* TASK DETAILS: Return the stretch from the line with "Kollam Side Table in Brown Finish Wood" through the line with "cm von Hovothy" in the data below, character for character, skipping all pictures.

⟨

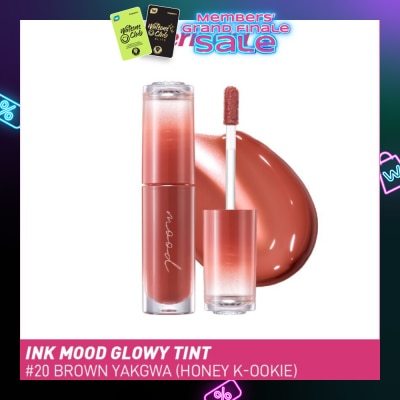 PERIPERA Ink Mood Glowy Tint 20 Brown Yakgwa Honey K-Ookie 3g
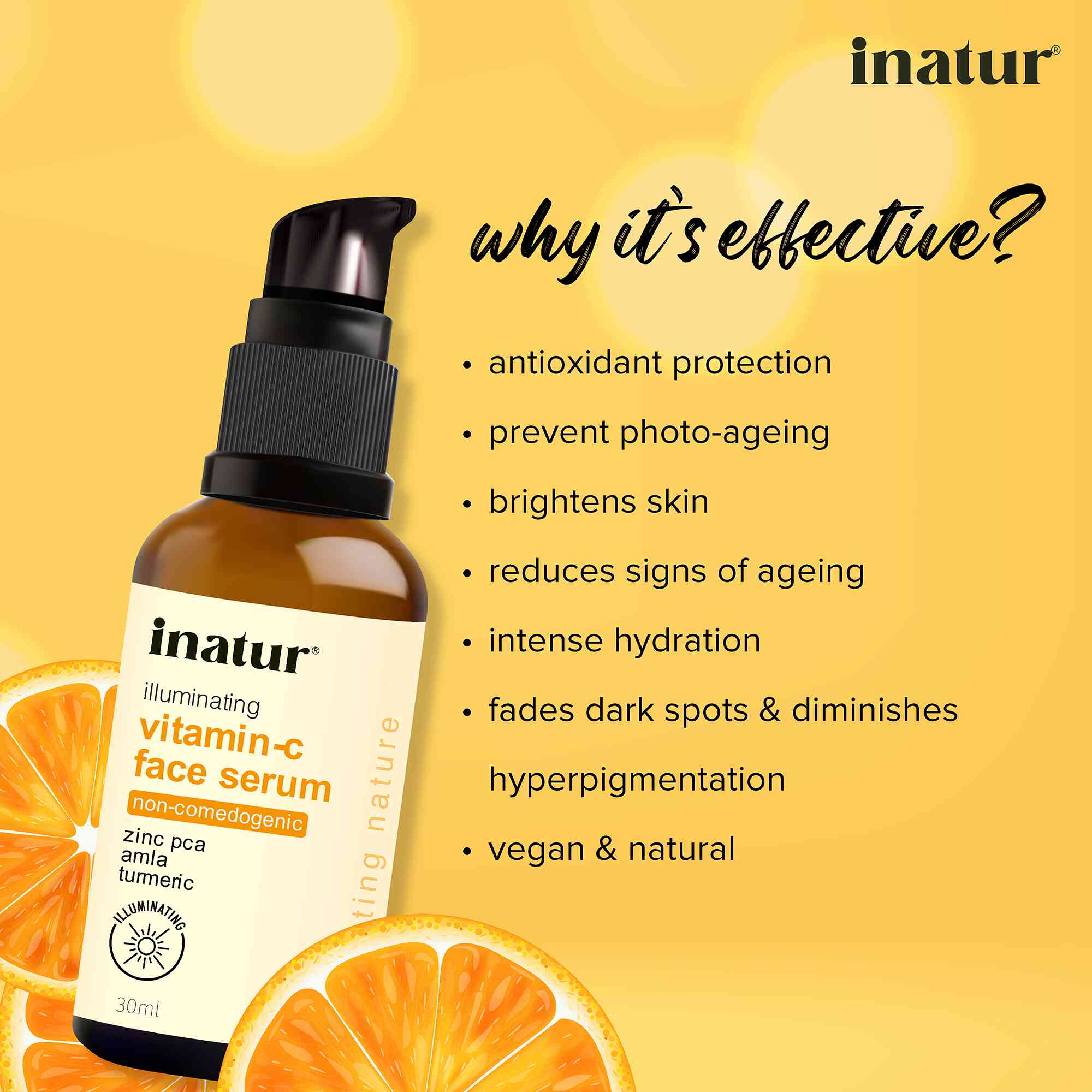 why inatur vitamin c face serum is effective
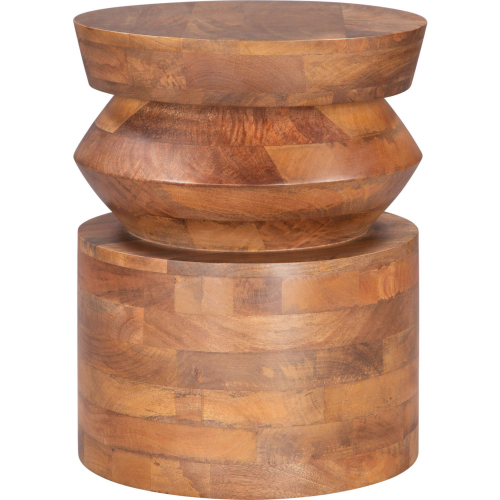 Kollam Side Table in Brown Finish Wood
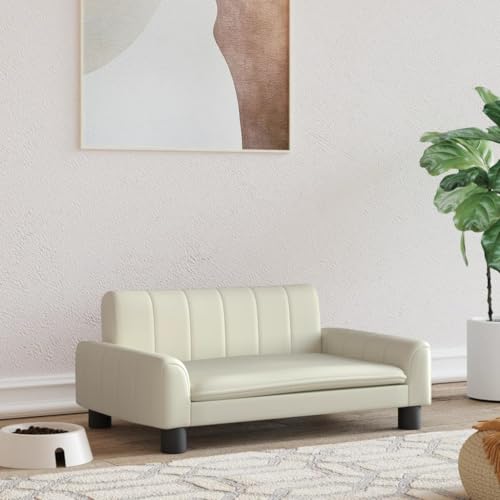 Hovothy Hundebett Bequeme Haustierbett Kunstleder Hundecouch Welpenbett Haustiersofa Schlafplatz für Hunde als Auch Katzen Geeignet Wasserabweisend und Langlebig Creme 70x45x30 cm Hovothy Hundebett Bequeme Haustierbett Kunstleder Hundecouch Welpenbett Haustiersofa Schlafplatz für Hunde als Auch Katzen Geeignet Wasserabweisend und Langlebig Creme 70x45x30 cm von Hovothy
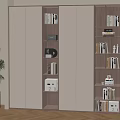 Modern Bookcase Floor Bookcase Open Bookcase Decorative Cabinet 3d model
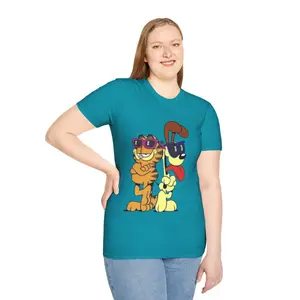 Garfield And Odie Short Sleeve T Shirt Cotton Top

⟩

* RESULT FOR THIS TASK:
 Kollam Side Table in Brown Finish Wood
 Hovothy Hundebett Bequeme Haustierbett Kunstleder Hundecouch Welpenbett Haustiersofa Schlafplatz für Hunde als Auch Katzen Geeignet Wasserabweisend und Langlebig Creme 70x45x30 cm Hovothy Hundebett Bequeme Haustierbett Kunstleder Hundecouch Welpenbett Haustiersofa Schlafplatz für Hunde als Auch Katzen Geeignet Wasserabweisend und Langlebig Creme 70x45x30 cm von Hovothy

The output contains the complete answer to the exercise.